Using SGNS and GloVe embeddings, compute cosine-based biases of all words in vocabulary with respect to a given set of groups of words. The groups of words are specified in words_lists/ as text files. Results are saved as a DataFrame in .csv format.

Example:

# SGNS:
CORPUS=subs &&
scripts/sgns_biases.sh $CORPUS
# GLOVE:
CORPUS=subs &&
scripts/glove_biases.sh $CORPUS

Results

External data sources are needed to replicate experiments.

  • Download the names dataset into data/external/cbn_gender_name_stats.csv using Will Lowe’s cbn R library with:
Rscript scripts/get_names_data.R
  • Download the occupations and Glasgow Norms datasets with:
wget -P data/external/ https://raw.githubusercontent.com/conjugateprior/cbn/master/inst/extdata/professionsBLS2015.tsv  &&
wget -O data/external/GlasgowNorms.csv https://static-content.springer.com/esm/art%3A10.3758%2Fs13428-018-1099-3/MediaObjects/13428_2018_1099_MOESM2_ESM.csv 

Run permutations tests with Python's scipy and prepare data for figures:

python3 scripts/prepare_figures_data.py

Add bootstrap results of R's boot library:

Rscript scripts/run_bootstrap.R

To replicate tables and figures execute the notebook figures_bias.ipynb with:

mkdir -p results/plots &&
conda deactivate &&
jupyter nbconvert \
  --ExecutePreprocessor.kernel_name=bias-pmi \
  --to notebook \
  --execute figures_bias.ipynb

Results are saved as figures_bias.nbconvert.ipynb.

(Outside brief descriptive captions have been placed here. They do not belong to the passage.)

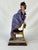 An exquisite life-like porcelain figurine created and signed by renowned artist Giuseppe Armani called “Clown on Chair”...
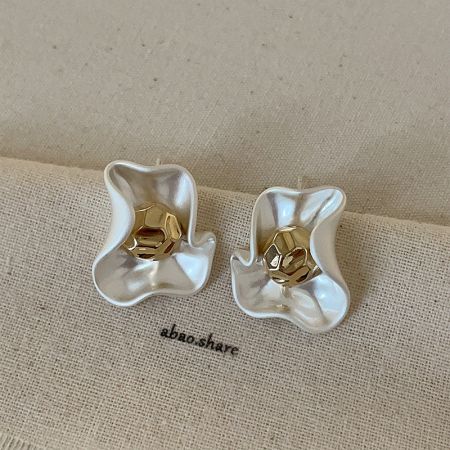 Vista dettagliata degli orecchini a petalo in oro opaco, che evidenziano il design floreale scolpito.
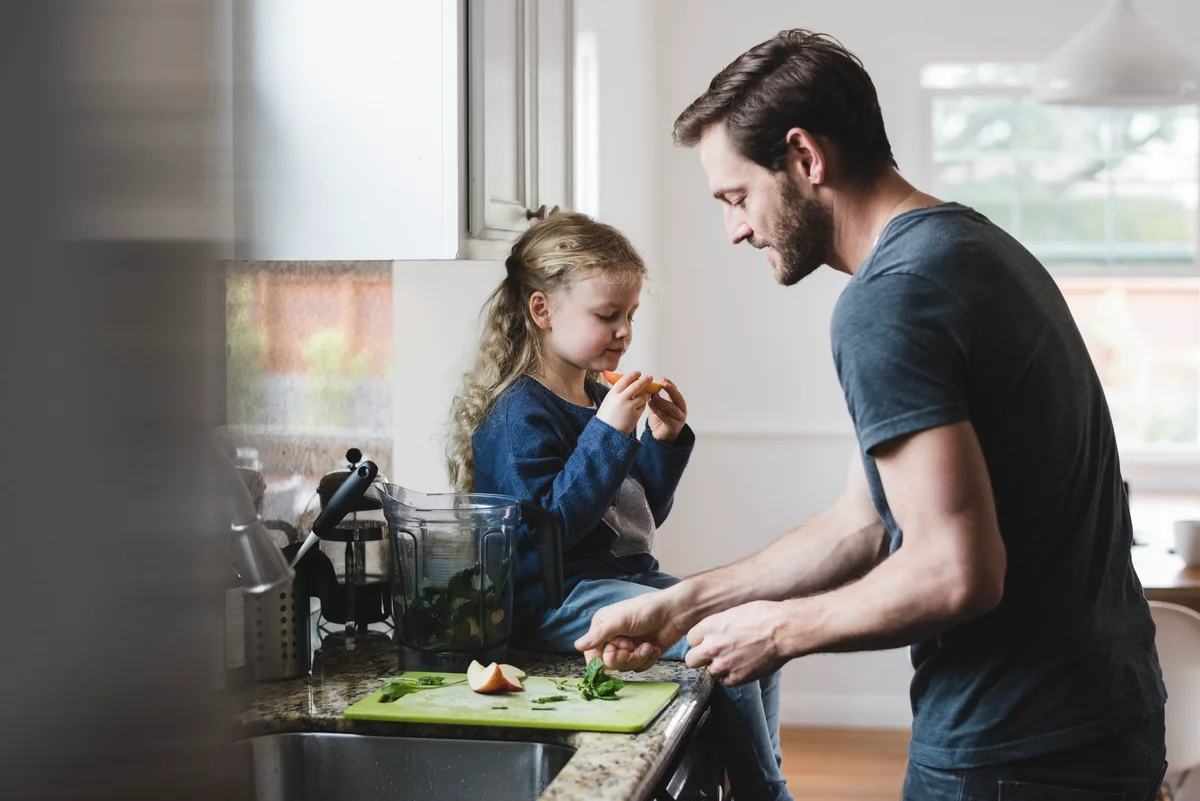 daughter cooking with father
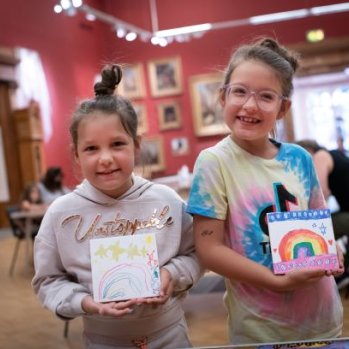 Two children in a gallery showing their art work to the camera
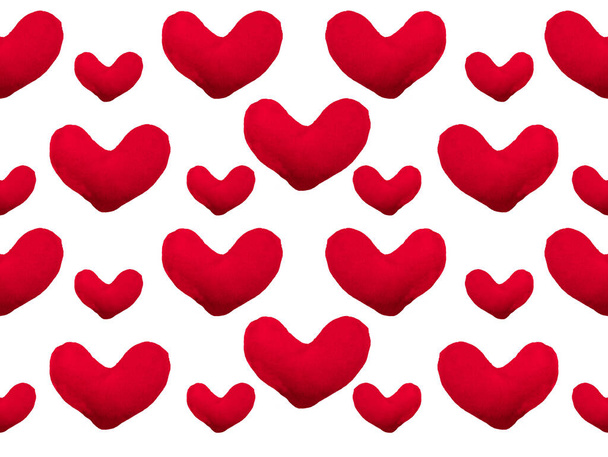 白い背景にバレンタインデーの心のパターン。心臓分離。ハンドメイドのフリース生地で作られた柔らかい赤いハート. - 写真・画像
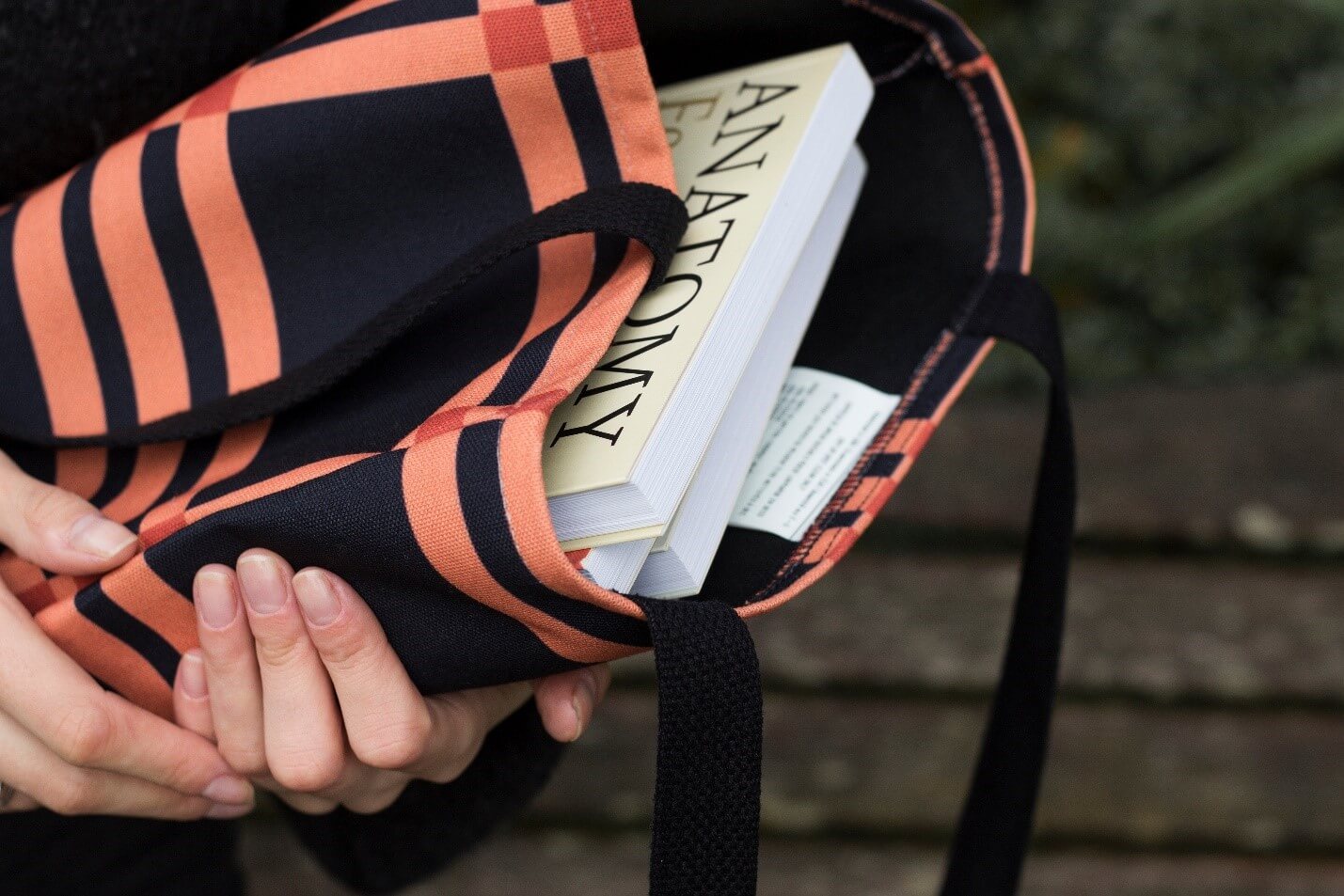 black and orange tote bag filled with books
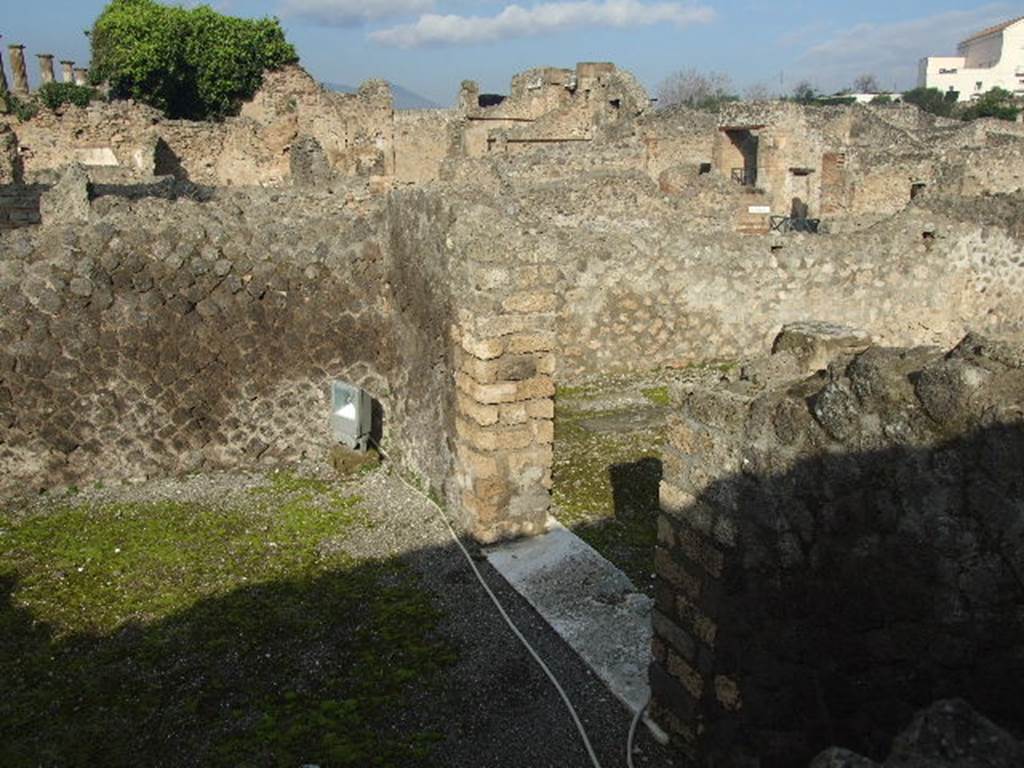 VIII.7.25 Pompeii. December 2006. Looking north-east in shrine on podium.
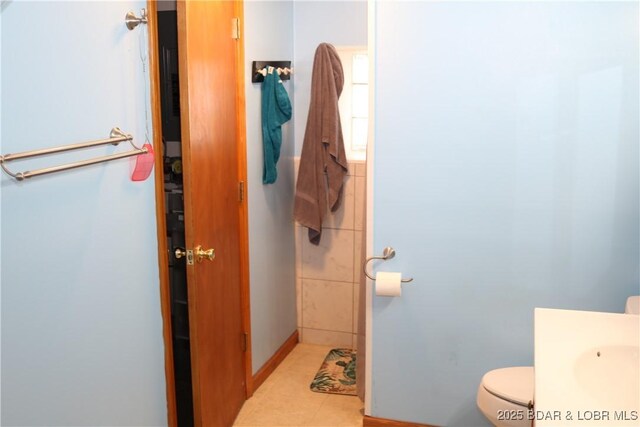 30718 Honeysuckle Rd, Gravois Mills, MO 65037 - bathroom featuring vanity and toilet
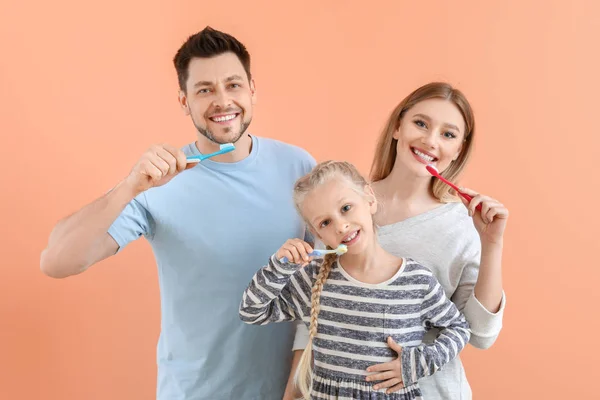 Family cleaning teeth on color background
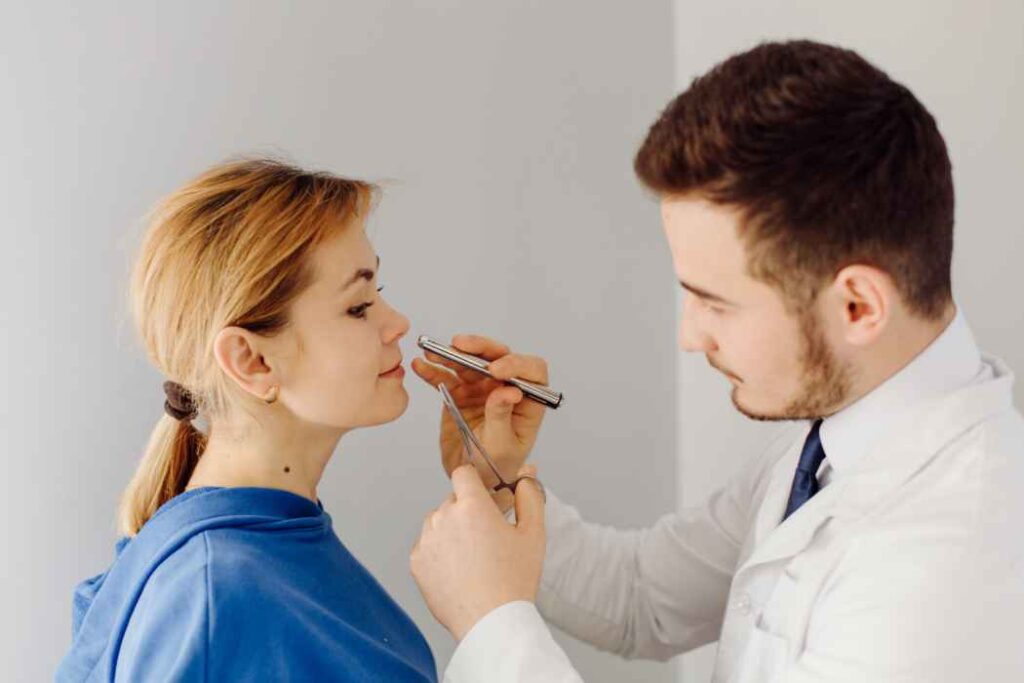 ENT specialist evaluating a patient for sinus and nasal symptoms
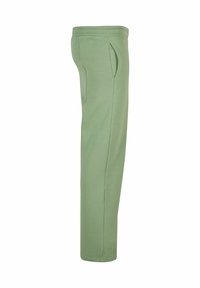 Lichtgroene joggingsbroek gemaakt van zacht materiaal, met zijzakken en een taps toelopende snit met een geribbelde tailleband bovenaan.
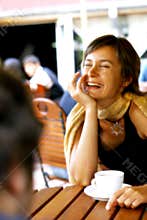 Woman in a happy conversation at coffee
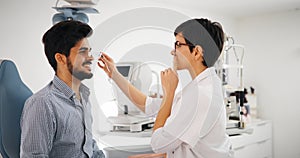 Attentive optometrist examining female patient on slit lamp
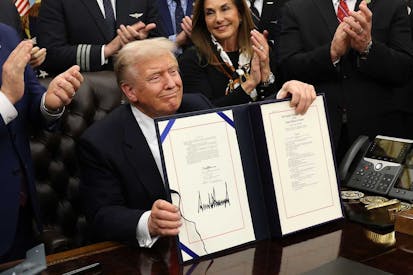 WASHINGTON, DC - NOVEMBER 12: U.S. President Donald Trump signs funding legislation to reopen the federal government as he is joined by Rep. Lisa McClain (R-MI), other Republican lawmakers and business leaders, during a ceremony in the Oval Office of the White House on November 12, 2025, in Washington, DC. The legislation, passed by the House of Representatives tonight, funds the federal government until the end of January 2026 and ends the 43-day government shutdown, the longest in the nation’s history.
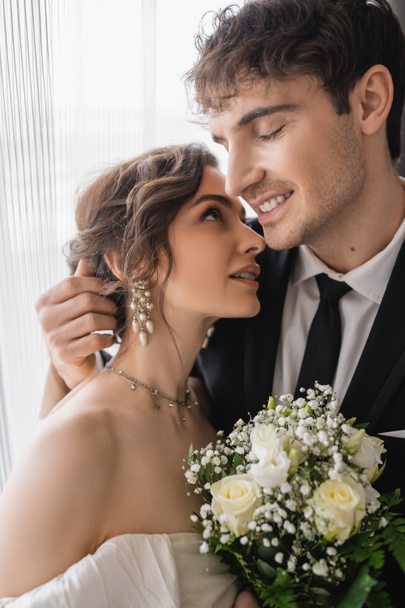 vrolijke bruidegom in klassieke formele dragen knuffelen gelukkige bruid in sieraden, witte jurk met bruids boeket terwijl samen staan in moderne hotelkamer na huwelijksceremonie  - Foto, afbeelding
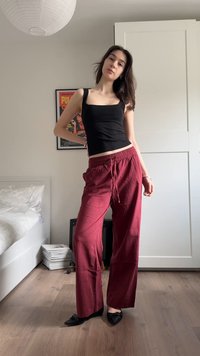 Νεαρή γυναίκα στέκεται σε ένα υπνοδωμάτιο φορώντας μαύρο αμάνικο τοπ, άνετο κόκκινο παντελόνι και μαύρα μυτερά παπούτσια, με ορατό ένα αφίσα και φωτιστικό.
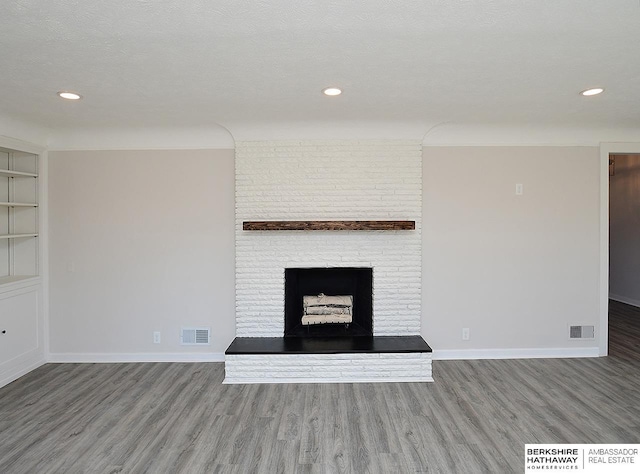 unfurnished living room with wood-type flooring, built in features, and a brick fireplace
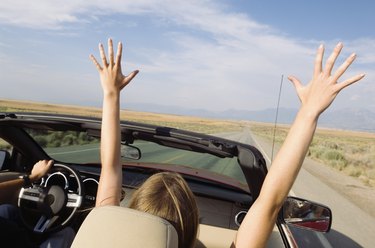 Woman in convertible with arms raised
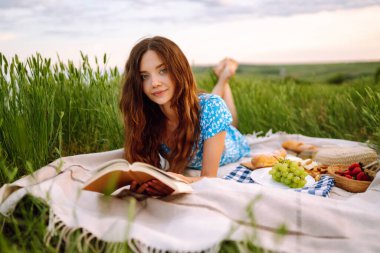 Genç bir kadın elinde bir kitapla ekose üzerinde oturuyor. Doğada yaz pikniği. Sağlıklı yiyecekler. İnsanlar, yaşam tarzı, rahatlama ve tatil kavramı.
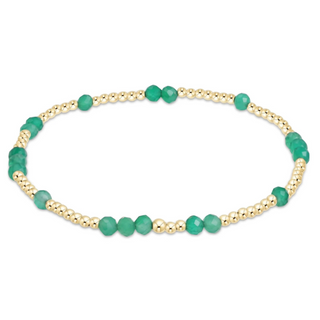 Bracelet with green beads and gold accents on a white background by e newton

Print the p-values of Table 1 with:

Rscript scripts/compute_correlation_pvalues.R

conda environment

You can create a bias-pmi conda environment to install requirements and dependencies. This is not compulsory.

To install miniconda if needed, run:

wget https://repo.anaconda.com/miniconda/Miniconda3-py37_4.10.3-Linux-x86_64.sh
sha256sum Miniconda3-py37_4.10.3-Linux-x86_64.sh
bash Miniconda3-py37_4.10.3-Linux-x86_64.sh
# and follow stdout instructions to run commands with `conda`

To create a conda env with Python and R:

conda config --add channels conda-forge
conda create -n "bias-pmi" --channel=defaults python=3.9.12
conda install --channel=conda-forge r-base=4.0.0

Activate the environment with conda activate bias-pmi and install pip with conda install pip.